Although mesenteric ischaemia is associated with a high morbidity and mortality, rapid diagnosis and anticoagulation of MVT has excellent outcomes.1
The literature suggests that of all the causes of mesenteric ischaemia, venous thrombosis carries the best prognosis.2
Patients with non-specific abdominal pain related to eating should be considered for mesenteric ischaemia, and a rapid contrast enhanced CT scan has been shown to have a high diagnostic specificity (100%) and sensitivity (90%).3
While there is much to learn about the natural history of the disease, MVT has been shown to be associated with hypercoagulable states—for example, polycythaemia vera and protein C and S deficiencies. Visceral infection, trauma, surgery, pancreatitis, malignancy and portal hypertension are also linked with MVT, although between 25–50% of cases have no attributable cause.4
Patients with signs of peritonism or extending thrombus have been shown to benefit from endovascular intervention and direct or indirect thrombolysis,5
although thrombolytics carry a higher mortality rate. Signs of extending thrombus are clinical and include haemodynamic instability, failure of symptoms to resolve despite anticoagulation, and peritonism. Surgery is a mandatory option where bowel necrosis is suspected or where frank peritonitis is evident, although this has poorer outcomes.5
The rarity of the disease means there is a lack of consensus in management. Thrombolysis is a development that needs further investigation, and could be useful in MVT that extends or fails to resolve.
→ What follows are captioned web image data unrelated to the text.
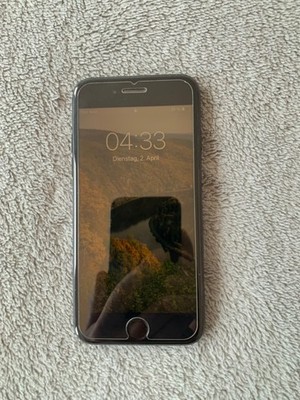 Apple iPhone 7 Plus  Speichergröße unbekannt gesperrt guter Zustand für Bastler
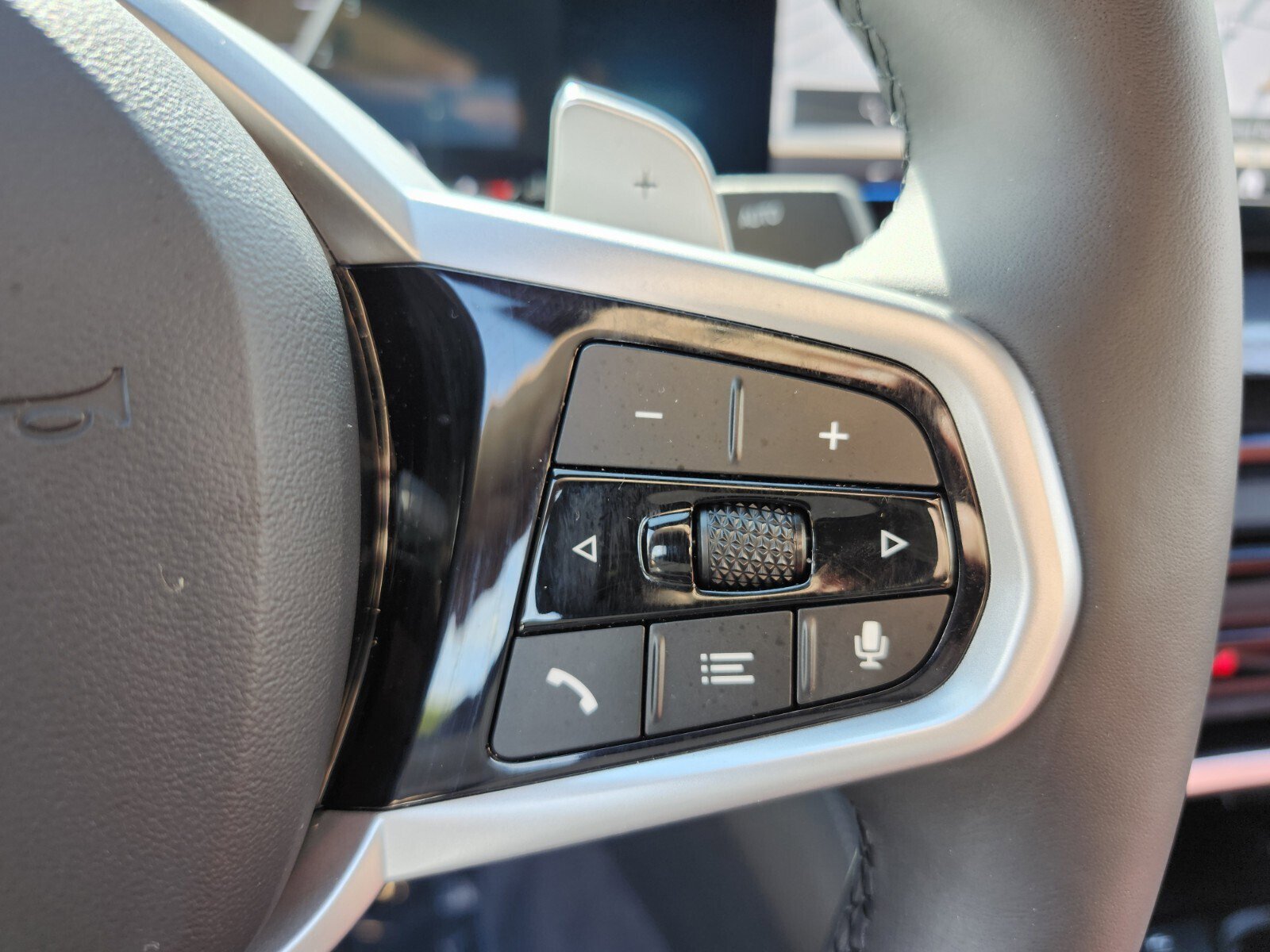 Certified 2025 BMW 430i Convertible w/ M Sport Package image 29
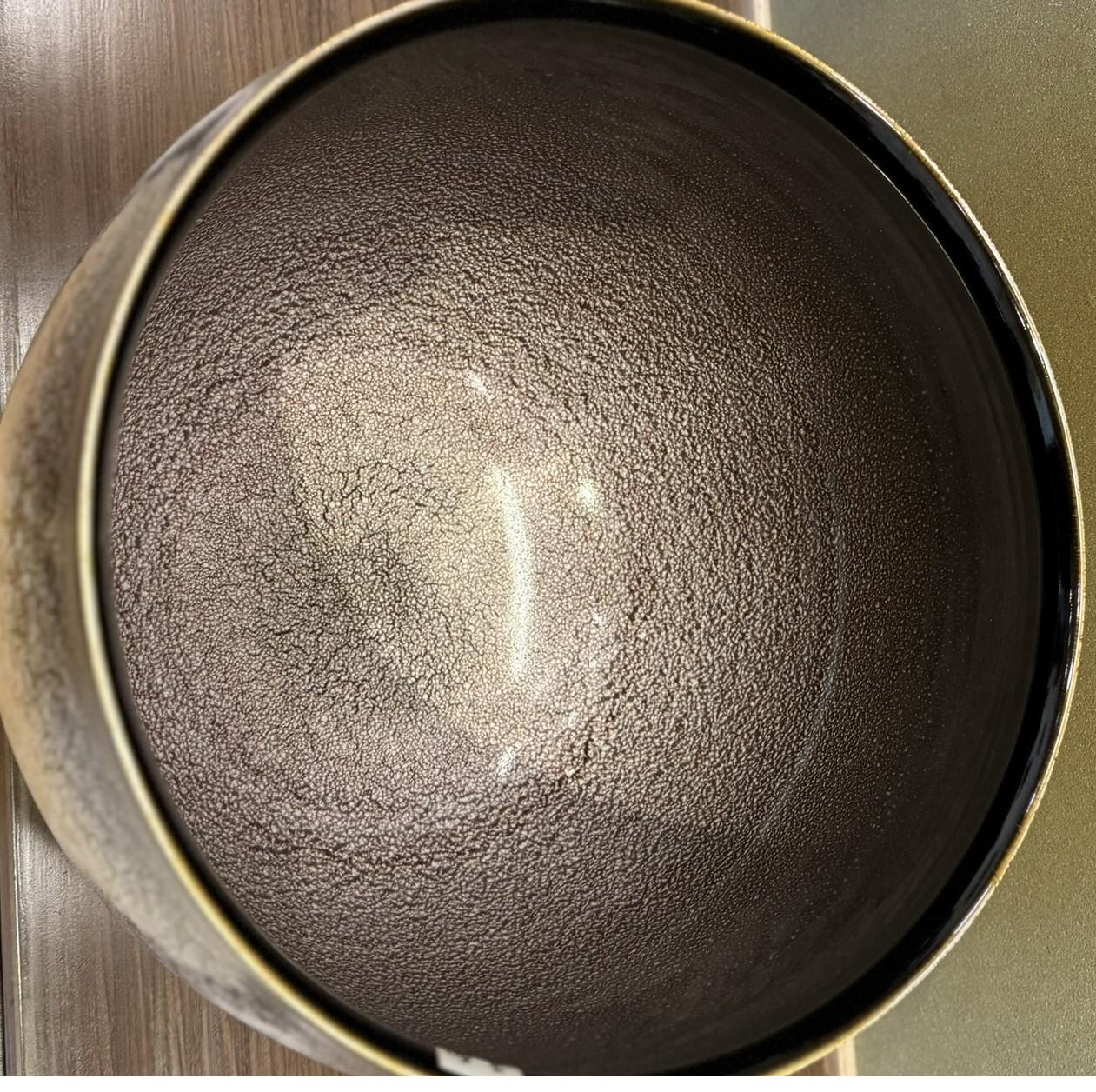 XXI secolo e contemporaneo Vaso giapponese contemporaneo in porcellana marrone platino del maestro artista, 2 in vendita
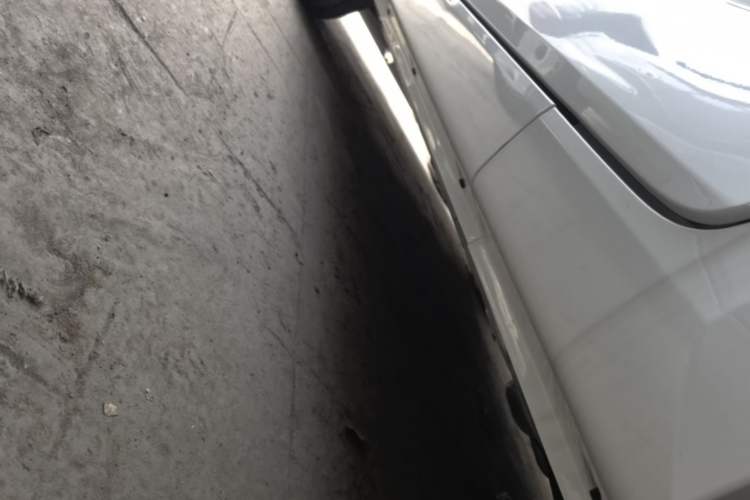 Used Chery QQ Ice Cream 2025 205km Qi Energy Version Left Side Sill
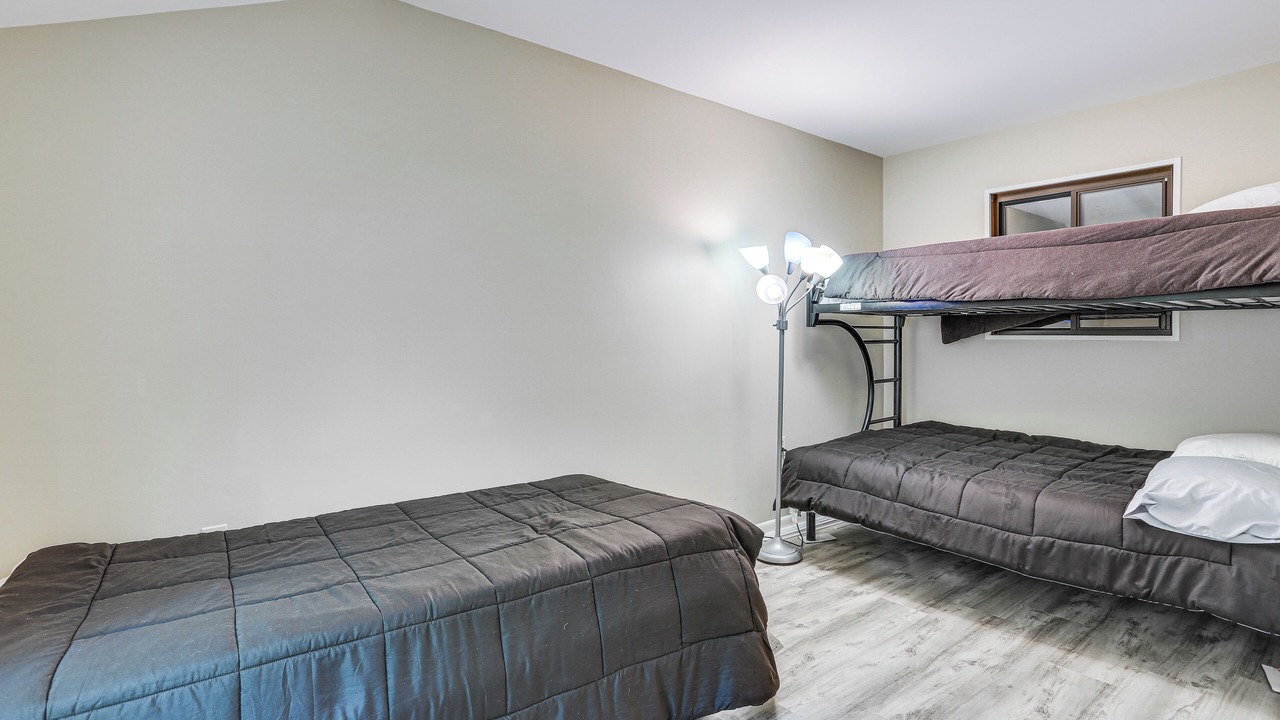 Photo of Others in Rowland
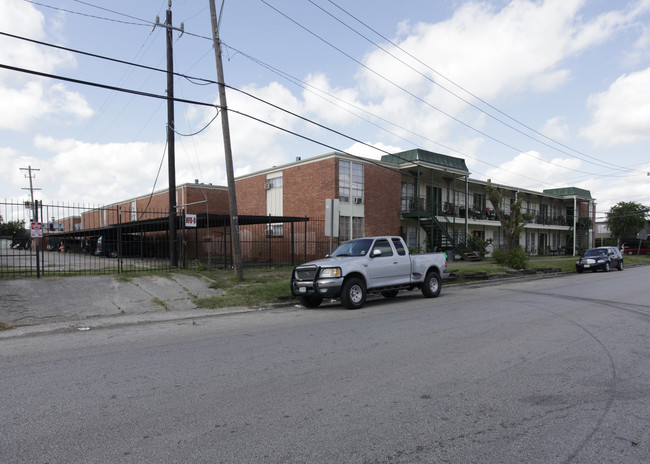 Fiesta Plaza Apartments in Houston, TX - Building Photo - Building Photo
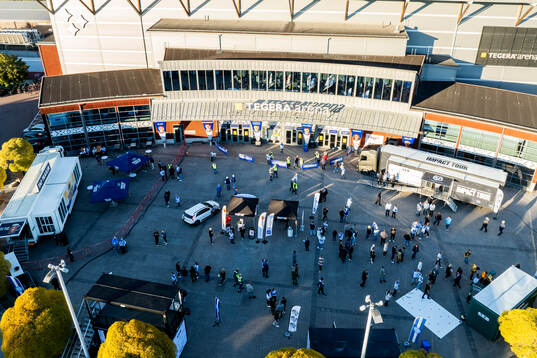 Arena torget framför Tegera Arena Impact Week innan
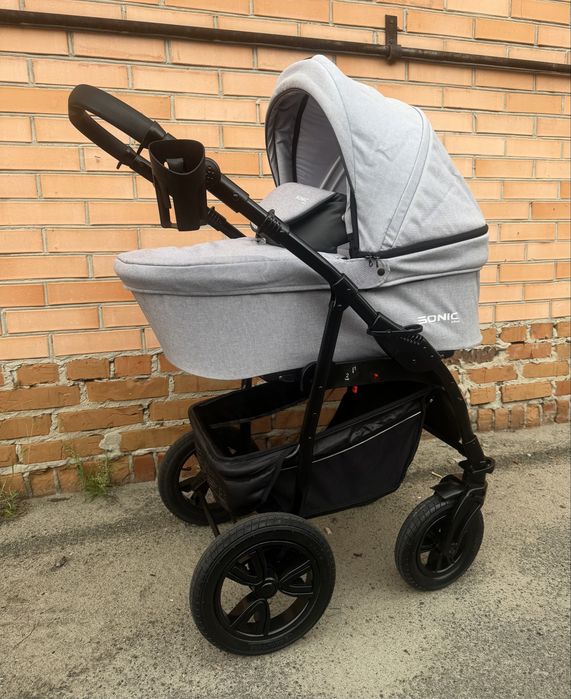Коляска 3в1 с автокреслом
However, we advocate relatively safe conservative management with rapid and long term anticoagulation with bowel rest, and parenteral nutritional support when early diagnosis is achieved.
- Non-specific abdominal pain related to eating should be considered for mesenteric ischaemia.
- Contrast enhanced CT is the investigation of choice.
- Rapid diagnosis and anticoagulation make conservative treatment possible. Surgery is otherwise indicated where bowel necrosis is suspected.